Глаза его были открыты, между правой рукой и боком было запихнуто несколько полотенец. Он бормотал ругательства, стараясь побольнее уязвить, обозвал Джека непристойным словом, которое обычно адресуют женщинам. Джек и в ус себе не дул. Поднял каталку в катафалк и захлопнул дверцу.

— Джек, я не могу везти в катафалке человека, который еще не умер! — возмутилась она.

Джек попросил ее не суетиться, помахал рукой Люси, и Люси помахала ему рукой, по-прежнему стоя в патио.

Хелен села за руль, Джек устроился рядом, закурив сигарету. Счастливый человек, ничто его не беспокоит. Хотела бы Хелен знать, почему они не вызвали «скорую помощь». Джек объяснил: потому что врачи спросили бы, каким образом Рой схлопотал пулю. Коснувшись легонько ее бедра, он показал: пуля попала вот сюда, только у Роя в этом месте оказался толстый слой жира. Но ведь Рой, наверное, зол как черт? А на это Джек сказал: не беда, Рой все равно не сможет на них донести, потому что и сам по уши увяз в этом деле. А остальные вопросы можно оставить на потом, сперва надо отвезти беднягу Роя в «Чэрити».

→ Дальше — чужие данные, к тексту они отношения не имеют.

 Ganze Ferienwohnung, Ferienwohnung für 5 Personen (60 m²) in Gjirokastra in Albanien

У входа в приемный покой они сгрузили Роя, переложили его на больничную каталку, Джек нетерпеливо отмахнулся от вопросов санитара и сказал Рою:

— Давай поправляйся, старина.

Санитар тут же повез Роя прочь, и Хелен не расслышала, что тот сказал Джеку. Они вернулись в кабину катафалка.

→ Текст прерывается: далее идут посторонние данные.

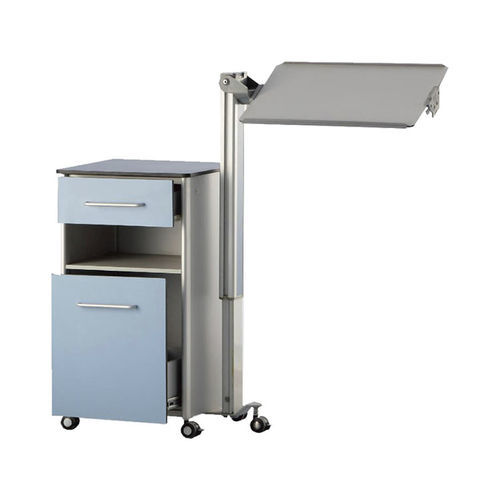 mesa de cabecera con ruedas - Jiangsu Yongfa Medical Equipment Technology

— Поедем на Кэнэл-стрит, — предложил Джек. — Заглянем в «Мандину», выпьем по рюмочке. Ты как?

Мы с Лео всегда заходили туда разрядиться после похорон.

— Даже не рассчитывай, что он снова возьмет тебя на работу, — предупредила Хелен.

— Эта работа твоя, — ответил Джек. — Получай удовольствие.

Хелен искоса глянула на него. Невинный, как ребенок, сидит и любуется субботним вечером на Кэнэл-стрит.

— Мне еще не приходилось встречаться с девушкой, работающей в похоронном бюро, — продолжил он после небольшой паузы. — Это будет что-то новенькое. Завтра я поеду в Галфпорт за машиной. Этот парень предложил мне пользоваться, сколько душа пожелает, его новехоньким «мерседесом» за шестьдесят тысяч долларов. Ключи он оставит в конторе «Стандард фрут».

— Ты хоть передо мной-то не прикидывайся, — посоветовала ему Хелен. — Что-то это на тебя не похоже.

— Я могу продать машину…

— А, вот теперь я тебя узнаю.

— И отослать деньги Люси в Никарагуа.

— Ты что, серьезно?

Джек не ответил. Он и сам не знал.

Ссылки

[1] Мокрая спина — прозвище нелегальных иммигрантов из стран Латинской Америки, добиравшихся до США в утлых лодчонках.

[2] Камилла — название урагана. — Прим. ред.